Topic: Embedding Set into Vect

John Baez (Jun 27 2023 at 18:39):

I decided to start writing a bunch of blog posts about the ideas that have been obsessing me lately. Here's one of many possible entry points.

Sets and vector spaces are two of the most useful structures in mathematics. But in a certain sense we can embed set theory into linear algebra! For any set there's a vector space with that set as basis. And any function between sets gives a linear map between their vector spaces, sending basis vectors to basis vectors.

But can we find set theory lurking in linear algebra? That is, starting from the category of vector spaces, can we recognize the category of sets embedded in it?

Yes we can! I explain how here:

Grothendieck-Galois-Brauer Theory (Part 1).

The free vector space on a set acquires extra structure from having come from a set (that is, having a chosen basis): it's a 'cocommutative coseparable algebra', which is a gadget I define. And I have a conjecture:

Conjecture 3. The category of cocommutative coseparable coalgebras in $\mathsf{Vect}_{\mathbb{C}}$ , and coalgebra homomorphisms between these, is equivalent to the category of sets and functions.

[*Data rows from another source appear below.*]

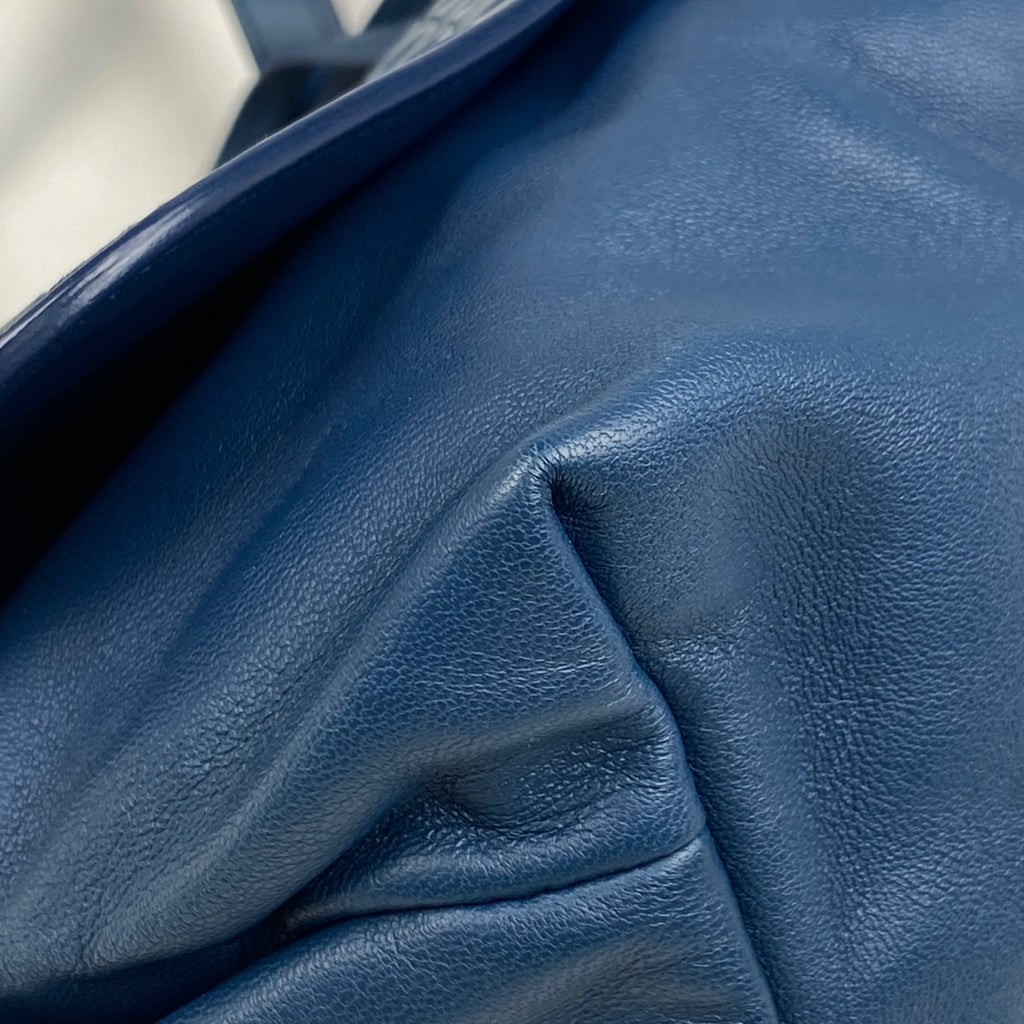 【最終値引き】 ボッテガヴェネタ イントレチャート ショルダーバッグ レザー ブルー レディース 【中古】 brbag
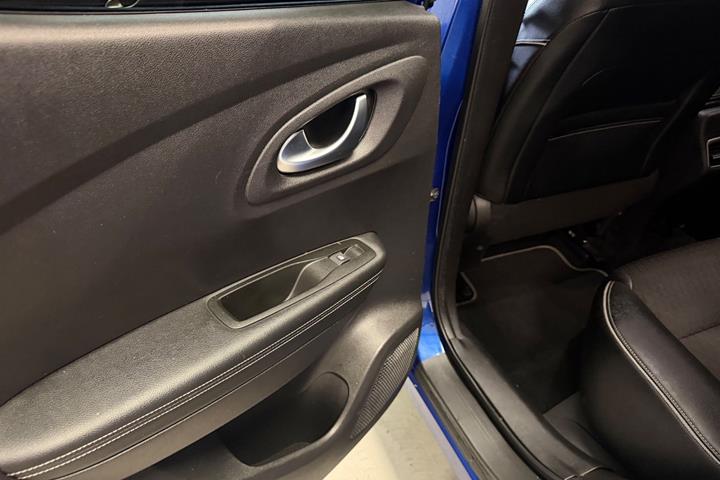 Blå Renault Kadjar fra 2019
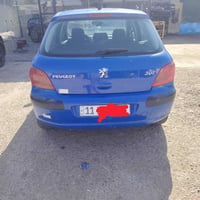 سيارة 🚗بيجو  نضيفة ما مصبوغة  مكفول كير ومحرك  سعرها 55وبيها مجال  الا...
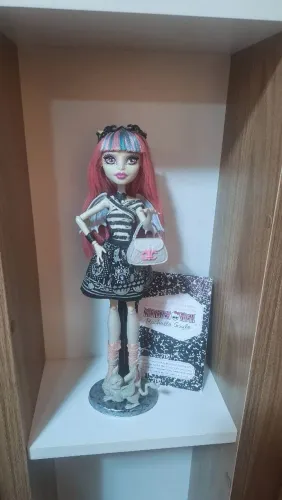 Rochelle Goyle monster high boneca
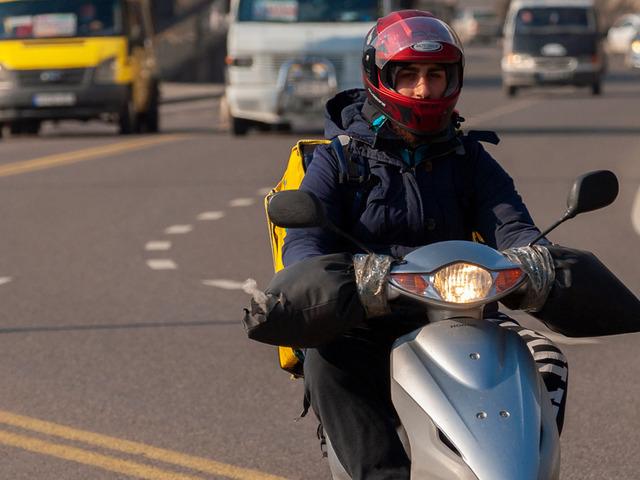 Sipariş verirken iki kere d&uuml;ş&uuml;n&uuml;n! Kuryeler 3 g&uuml;n boyunca kontak kapatıyor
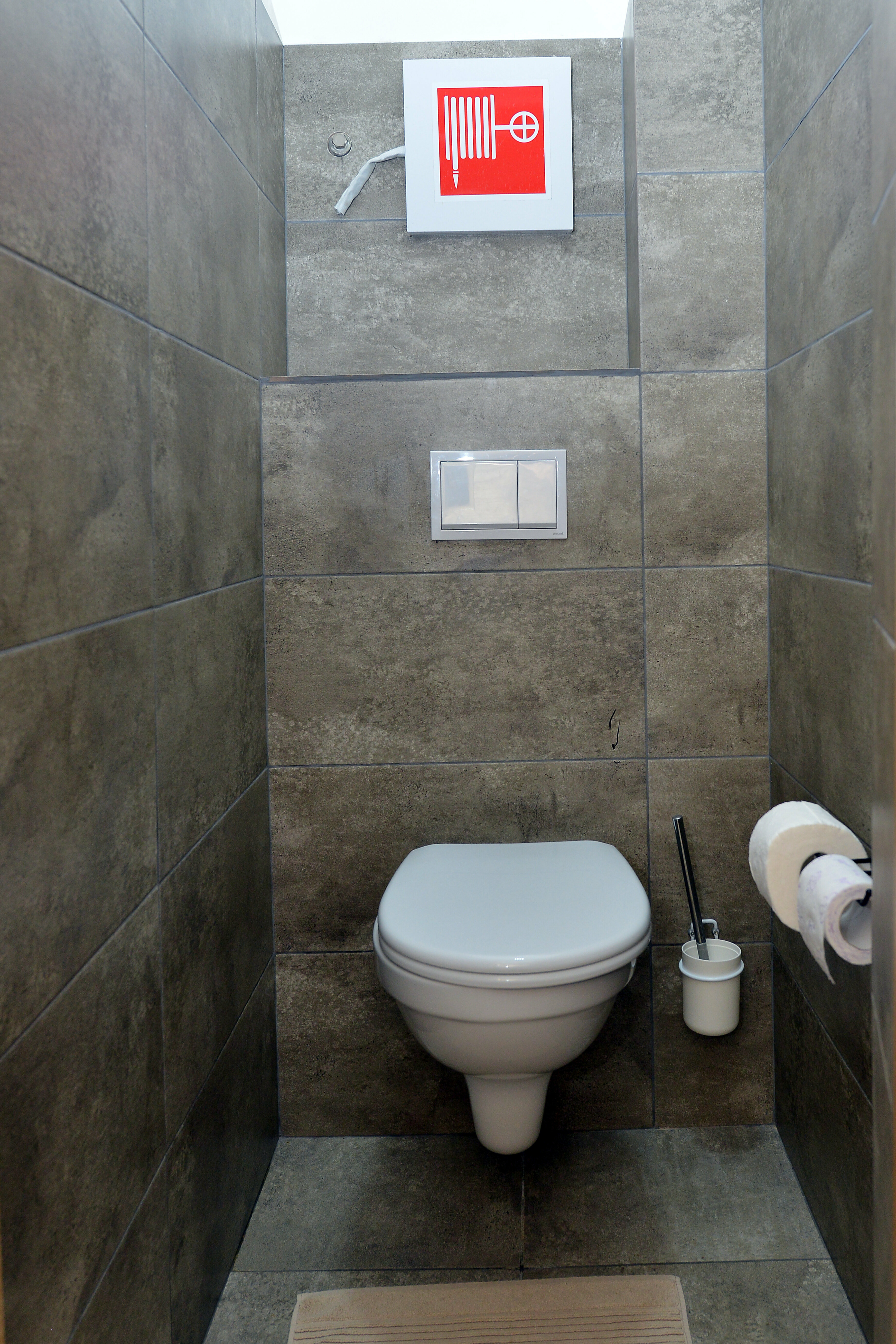 Одноместный номер с общим душем и туалетом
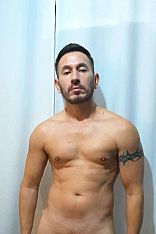 Ramir Escort Masculino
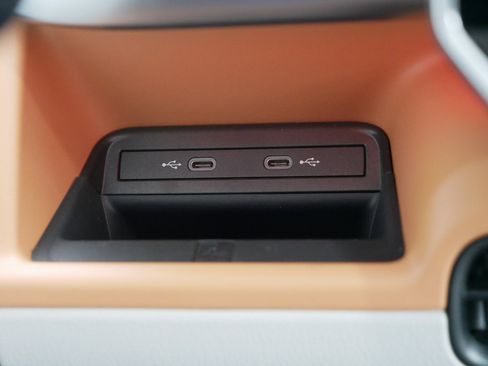 Used 2025 Volkswagen ID. Buzz 1st Edition image 33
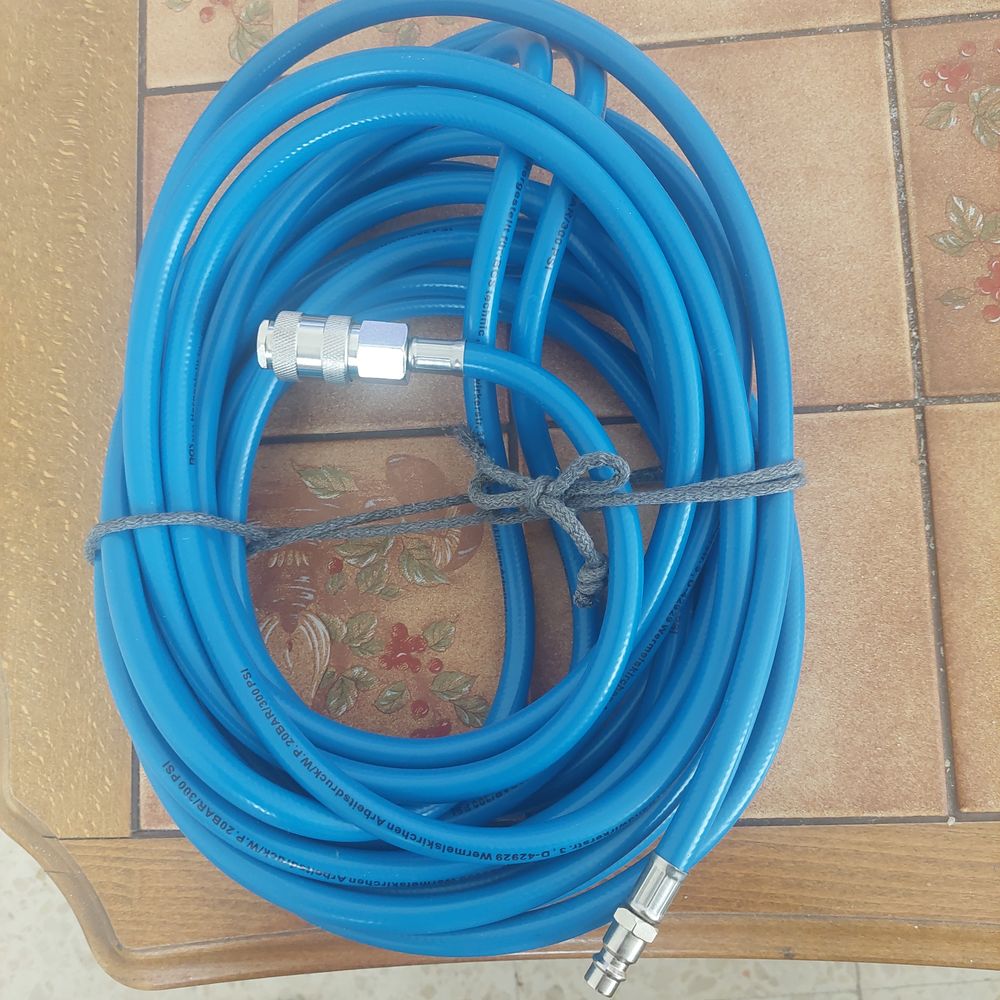 TUYAU  A     AIR   POUR  COMPRESSEUR 18 Perpignan (66)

But so far the only proof I know relies on a bunch of results including an offhand remark without proof in the first paper on coseparable coalgebras. There should be a better proof, with all the details filled in.

Patrick Nicodemus (Jun 27 2023 at 19:10):

I would be interested to see whether you can relate this to the theorem that sets are equivalent to coalgebras with respect to the forgetful-free comonad on vector spaces.

John Baez (Jun 27 2023 at 19:14):

Hmm, that sounds like it could be a more systematic way to approach this problem. In "my" solution, we get cocommutative coseparable coalgebras, which are defined by a binary and a nullary co-operation obeying some equational laws and, alas, a property that involves an existential quantifier.

Fabrizio Genovese (Jun 28 2023 at 11:03):

Does this have to do with the fact that every vector space is free? If that's so, how much can you generalize this, e.g. to 'embedding set into any category of free objects'?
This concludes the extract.